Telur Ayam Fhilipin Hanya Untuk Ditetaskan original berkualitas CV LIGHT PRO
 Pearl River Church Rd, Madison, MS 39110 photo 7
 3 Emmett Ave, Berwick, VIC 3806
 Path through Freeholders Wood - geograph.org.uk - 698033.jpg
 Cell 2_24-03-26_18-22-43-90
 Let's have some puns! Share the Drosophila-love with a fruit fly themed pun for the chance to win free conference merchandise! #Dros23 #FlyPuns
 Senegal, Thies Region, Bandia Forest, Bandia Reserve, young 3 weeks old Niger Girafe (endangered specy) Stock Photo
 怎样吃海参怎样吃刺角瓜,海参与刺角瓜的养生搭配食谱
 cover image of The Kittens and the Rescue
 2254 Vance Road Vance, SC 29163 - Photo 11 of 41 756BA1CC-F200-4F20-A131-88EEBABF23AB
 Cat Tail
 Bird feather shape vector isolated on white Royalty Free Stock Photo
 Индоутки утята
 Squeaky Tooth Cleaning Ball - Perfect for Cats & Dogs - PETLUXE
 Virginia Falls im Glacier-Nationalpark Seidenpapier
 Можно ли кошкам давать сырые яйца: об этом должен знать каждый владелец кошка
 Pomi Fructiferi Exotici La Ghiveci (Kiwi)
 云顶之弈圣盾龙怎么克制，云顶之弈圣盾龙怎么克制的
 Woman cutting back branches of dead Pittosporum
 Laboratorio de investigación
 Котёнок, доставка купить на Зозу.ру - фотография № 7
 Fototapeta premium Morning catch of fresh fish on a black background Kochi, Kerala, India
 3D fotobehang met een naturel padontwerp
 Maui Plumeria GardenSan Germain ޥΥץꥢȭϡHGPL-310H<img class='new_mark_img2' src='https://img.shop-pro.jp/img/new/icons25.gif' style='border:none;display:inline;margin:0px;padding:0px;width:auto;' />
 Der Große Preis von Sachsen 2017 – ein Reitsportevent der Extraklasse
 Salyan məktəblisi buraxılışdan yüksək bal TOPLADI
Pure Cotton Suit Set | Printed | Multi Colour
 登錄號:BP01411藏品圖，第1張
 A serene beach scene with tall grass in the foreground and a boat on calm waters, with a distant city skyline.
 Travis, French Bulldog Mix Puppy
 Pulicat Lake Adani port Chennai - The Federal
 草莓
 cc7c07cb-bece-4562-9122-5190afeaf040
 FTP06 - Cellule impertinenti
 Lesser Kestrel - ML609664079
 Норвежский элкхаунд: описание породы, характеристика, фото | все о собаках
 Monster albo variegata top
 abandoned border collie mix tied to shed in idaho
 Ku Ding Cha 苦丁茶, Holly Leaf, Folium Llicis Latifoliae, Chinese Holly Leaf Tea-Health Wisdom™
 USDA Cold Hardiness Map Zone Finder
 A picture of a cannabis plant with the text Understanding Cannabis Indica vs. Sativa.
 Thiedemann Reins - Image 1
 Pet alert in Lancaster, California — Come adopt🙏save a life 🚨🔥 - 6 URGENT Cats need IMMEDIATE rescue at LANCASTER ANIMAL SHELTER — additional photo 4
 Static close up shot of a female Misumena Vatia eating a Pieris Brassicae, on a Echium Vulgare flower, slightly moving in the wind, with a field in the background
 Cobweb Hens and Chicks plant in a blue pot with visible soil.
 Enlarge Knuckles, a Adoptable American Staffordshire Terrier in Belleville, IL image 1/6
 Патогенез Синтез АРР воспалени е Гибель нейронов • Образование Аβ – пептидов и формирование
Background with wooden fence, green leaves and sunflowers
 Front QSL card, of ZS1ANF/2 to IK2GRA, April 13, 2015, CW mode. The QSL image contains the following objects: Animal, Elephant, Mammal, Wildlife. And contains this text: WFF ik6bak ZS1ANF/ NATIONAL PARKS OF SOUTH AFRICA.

- Brief -
Your reply should consist of the records, duplicated exactly.

- Response box -
Telur Ayam Fhilipin Hanya Untuk Ditetaskan original berkualitas CV LIGHT PRO
 Pearl River Church Rd, Madison, MS 39110 photo 7
 3 Emmett Ave, Berwick, VIC 3806
 Path through Freeholders Wood - geograph.org.uk - 698033.jpg
 Cell 2_24-03-26_18-22-43-90
 Let's have some puns! Share the Drosophila-love with a fruit fly themed pun for the chance to win free conference merchandise! #Dros23 #FlyPuns
 Senegal, Thies Region, Bandia Forest, Bandia Reserve, young 3 weeks old Niger Girafe (endangered specy) Stock Photo
 怎样吃海参怎样吃刺角瓜,海参与刺角瓜的养生搭配食谱
 cover image of The Kittens and the Rescue
 2254 Vance Road Vance, SC 29163 - Photo 11 of 41 756BA1CC-F200-4F20-A131-88EEBABF23AB
 Cat Tail
 Bird feather shape vector isolated on white Royalty Free Stock Photo
 Индоутки утята
 Squeaky Tooth Cleaning Ball - Perfect for Cats & Dogs - PETLUXE
 Virginia Falls im Glacier-Nationalpark Seidenpapier
 Можно ли кошкам давать сырые яйца: об этом должен знать каждый владелец кошка
 Pomi Fructiferi Exotici La Ghiveci (Kiwi)
 云顶之弈圣盾龙怎么克制，云顶之弈圣盾龙怎么克制的
 Woman cutting back branches of dead Pittosporum
 Laboratorio de investigación
 Котёнок, доставка купить на Зозу.ру - фотография № 7
 Fototapeta premium Morning catch of fresh fish on a black background Kochi, Kerala, India
 3D fotobehang met een naturel padontwerp
 Maui Plumeria GardenSan Germain ޥΥץꥢȭϡHGPL-310H<img class='new_mark_img2' src='https://img.shop-pro.jp/img/new/icons25.gif' style='border:none;display:inline;margin:0px;padding:0px;width:auto;' />
 Der Große Preis von Sachsen 2017 – ein Reitsportevent der Extraklasse
 Salyan məktəblisi buraxılışdan yüksək bal TOPLADI
Pure Cotton Suit Set | Printed | Multi Colour
 登錄號:BP01411藏品圖，第1張
 A serene beach scene with tall grass in the foreground and a boat on calm waters, with a distant city skyline.
 Travis, French Bulldog Mix Puppy
 Pulicat Lake Adani port Chennai - The Federal
 草莓
 cc7c07cb-bece-4562-9122-5190afeaf040
 FTP06 - Cellule impertinenti
 Lesser Kestrel - ML609664079
 Норвежский элкхаунд: описание породы, характеристика, фото | все о собаках
 Monster albo variegata top
 abandoned border collie mix tied to shed in idaho
 Ku Ding Cha 苦丁茶, Holly Leaf, Folium Llicis Latifoliae, Chinese Holly Leaf Tea-Health Wisdom™
 USDA Cold Hardiness Map Zone Finder
 A picture of a cannabis plant with the text Understanding Cannabis Indica vs. Sativa.
 Thiedemann Reins - Image 1
 Pet alert in Lancaster, California — Come adopt🙏save a life 🚨🔥 - 6 URGENT Cats need IMMEDIATE rescue at LANCASTER ANIMAL SHELTER — additional photo 4
 Static close up shot of a female Misumena Vatia eating a Pieris Brassicae, on a Echium Vulgare flower, slightly moving in the wind, with a field in the background
 Cobweb Hens and Chicks plant in a blue pot with visible soil.
 Enlarge Knuckles, a Adoptable American Staffordshire Terrier in Belleville, IL image 1/6
 Патогенез Синтез АРР воспалени е Гибель нейронов • Образование Аβ – пептидов и формирование
Background with wooden fence, green leaves and sunflowers
 Front QSL card, of ZS1ANF/2 to IK2GRA, April 13, 2015, CW mode. The QSL image contains the following objects: Animal, Elephant, Mammal, Wildlife. And contains this text: WFF ik6bak ZS1ANF/ NATIONAL PARKS OF SOUTH AFRICA.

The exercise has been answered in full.